> _Exercise objective_:
Please copy the listing that follows exactly, leaving out any pictures.

> _Information given_:
_ _ _ _
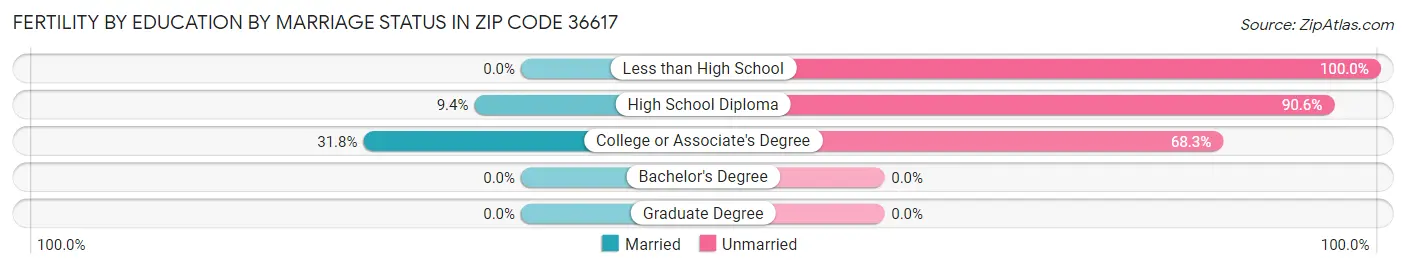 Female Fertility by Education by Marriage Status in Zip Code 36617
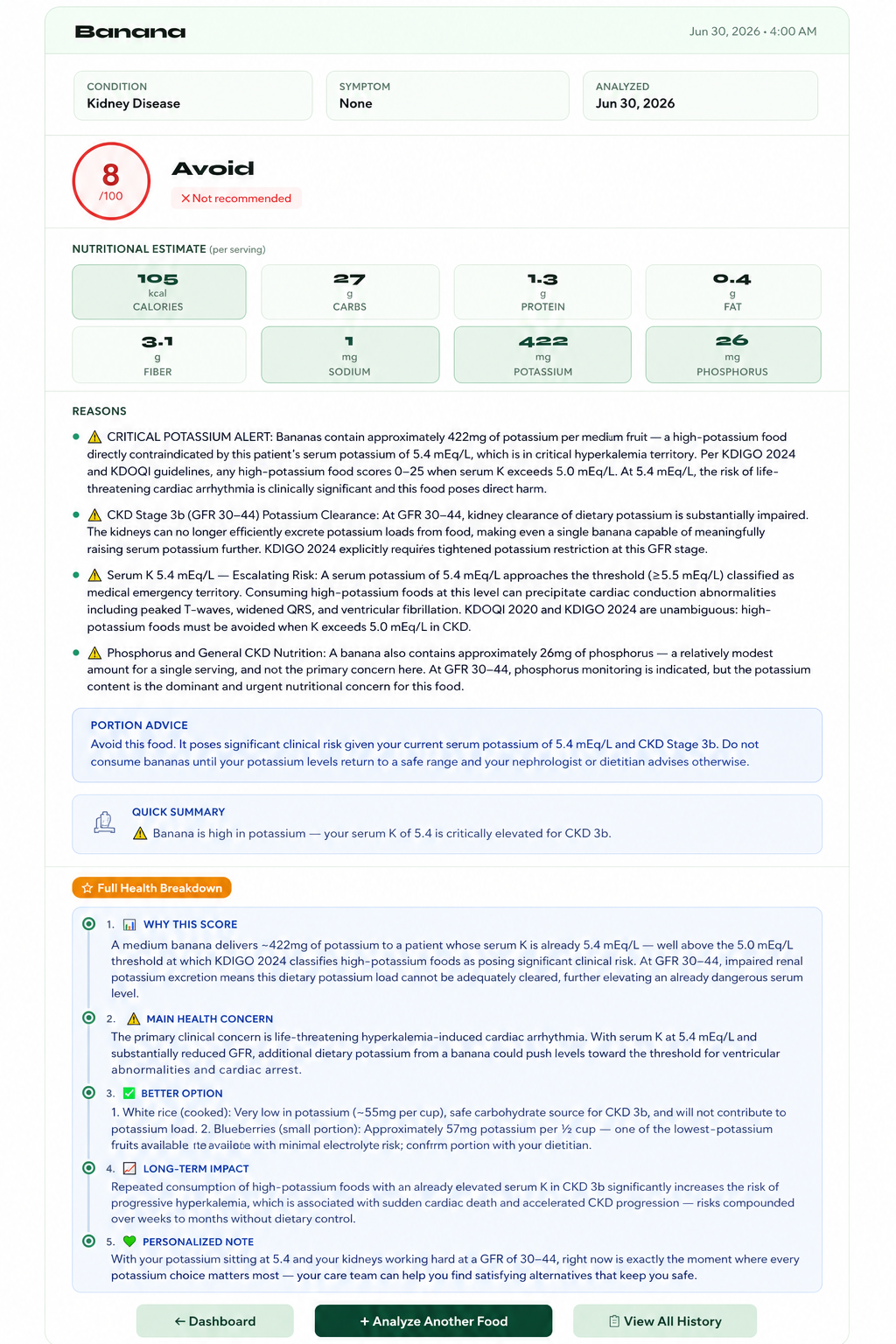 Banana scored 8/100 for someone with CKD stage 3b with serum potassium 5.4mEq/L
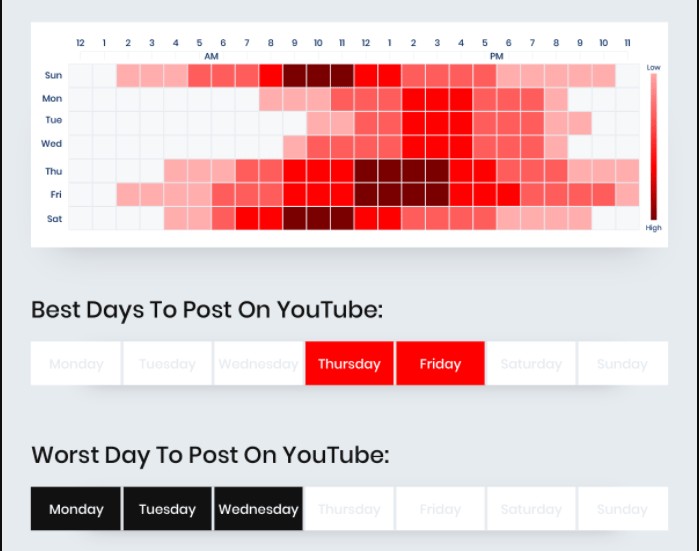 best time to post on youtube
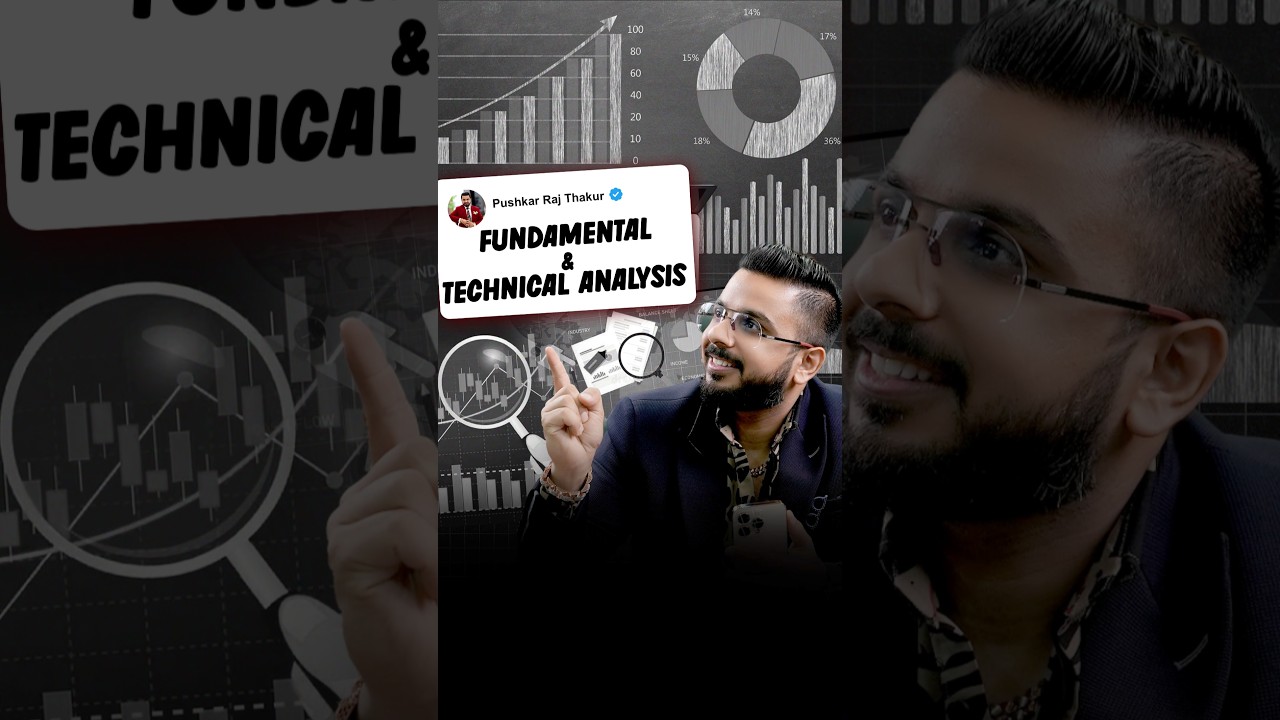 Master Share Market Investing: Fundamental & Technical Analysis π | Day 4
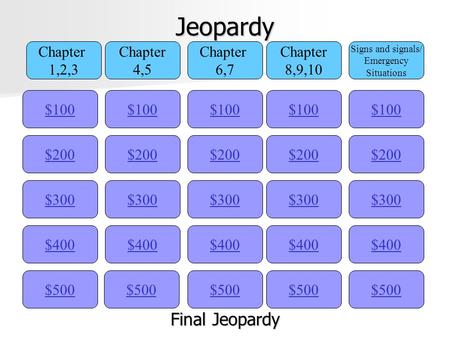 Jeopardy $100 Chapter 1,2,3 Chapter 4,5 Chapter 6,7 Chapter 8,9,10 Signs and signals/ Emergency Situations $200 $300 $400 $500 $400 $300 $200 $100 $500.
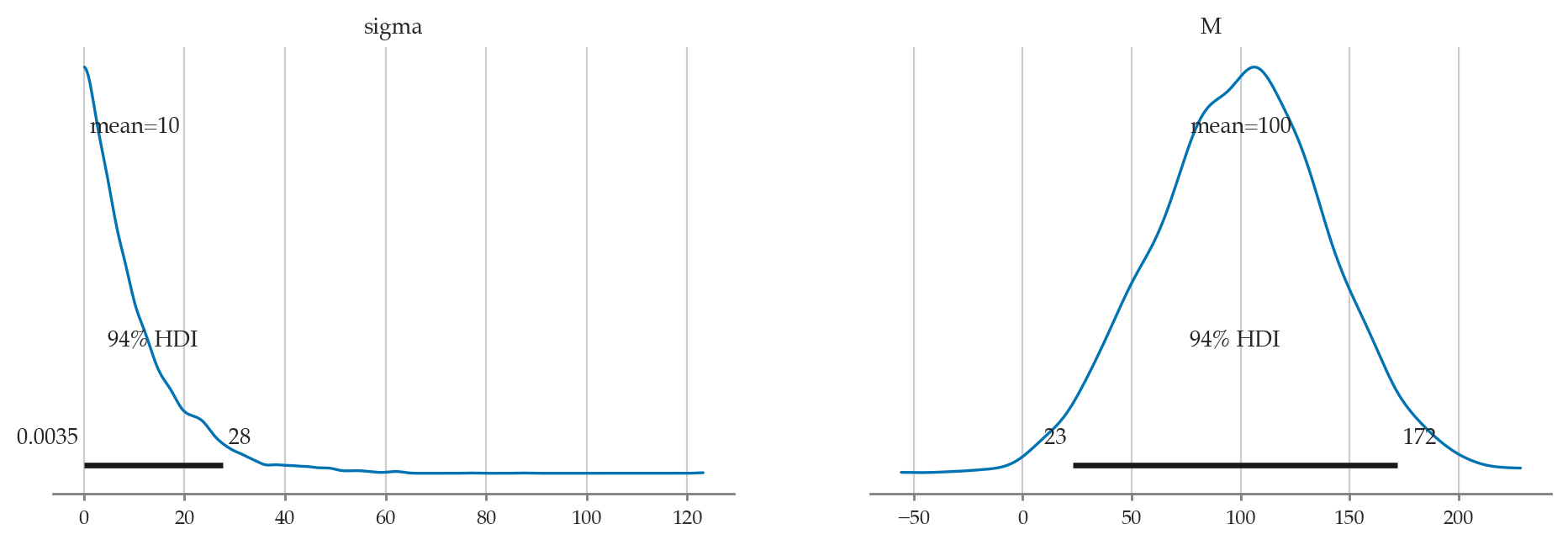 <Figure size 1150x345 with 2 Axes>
_ _ _ _
> _Task result_:
 Female Fertility by Education by Marriage Status in Zip Code 36617
 Banana scored 8/100 for someone with CKD stage 3b with serum potassium 5.4mEq/L
 best time to post on youtube
 Master Share Market Investing: Fundamental & Technical Analysis π | Day 4
 Jeopardy $100 Chapter 1,2,3 Chapter 4,5 Chapter 6,7 Chapter 8,9,10 Signs and signals/ Emergency Situations $200 $300 $400 $500 $400 $300 $200 $100 $500.
 <Figure size 1150x345 with 2 Axes>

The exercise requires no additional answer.